Harris Johns ist wohl der wichtigste Musikproduzent im Punk- und Metal-Bereich hierzulande. Das liegt nicht nur an sein Wirken in der Szene seit 1978, sondern auch an der langen Liste wichtiger Bands, die der Sohn eines US-Amerikaners und einer Deutschen produzierte: SLIME, HELLOWEEN, KREATOR, DAILY TERROR, TOXPACK, TANKARD, SODOM, DIE SKEPTIKER und EINSTÜRZENDE NEUBAUTEN, um nur einige wenige zu nennen. Dennoch weiß man über diesen legendären Mann an den Reglern im Grunde nur wenig. Also war es an der Zeit für ein Interview, das in der Berliner Wave Akademie für Digitale Medien stattfand, wo Johns jungen Menschen in entspannter Atmosphäre sein immenses Wissen vermittelt.
Harris, du warst ja gerade mit TOXPACK als Soundmann auf Deutschlandtour. Offenbar ist Musik für dich weiterhin unverzichtbar.
Ich werde ja bezahlt dafür. Es macht natürlich auch Spaß, wir haben immer nach den Shows noch irgendwelche Partys und so. Die Bezahlung ist jetzt nicht so fett oder so, aber das ist irgendwie egal, weil ich es gerne mache.

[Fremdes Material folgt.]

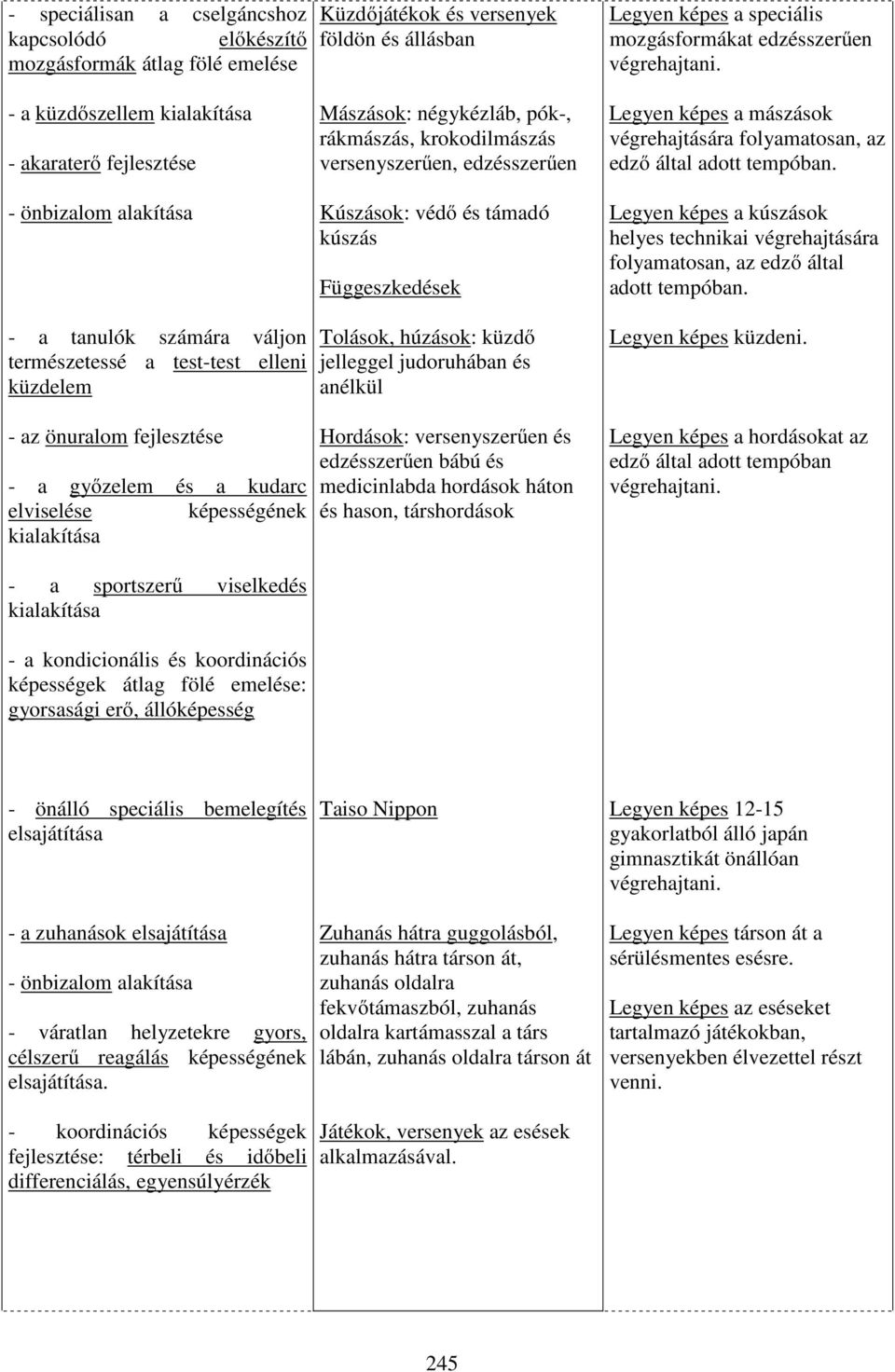 végrehajtására folyamatosan, az edző által adott tempóban. Legyen képes a kúszások helyes technikai végrehajtására folyamatosan, az edző által adott tempóban.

Wir sitzen hier in der Wave Akademie in Berlin-Mitte. Sag mir als Techniklaien doch mal, was du hier genau unterrichtest.
Ich versuche, den Studenten Einblick zu geben, wie eine Musikproduktion abläuft, und auf was man achten muss, wie man sich vorbereitet und wie man es nachbearbeitet und so weiter.
Haben sich die Gerätschaften, die Hardware extrem verändert seit deinen Anfängen in dem Beruf? Musstest du dich da selber immer weiterbilden?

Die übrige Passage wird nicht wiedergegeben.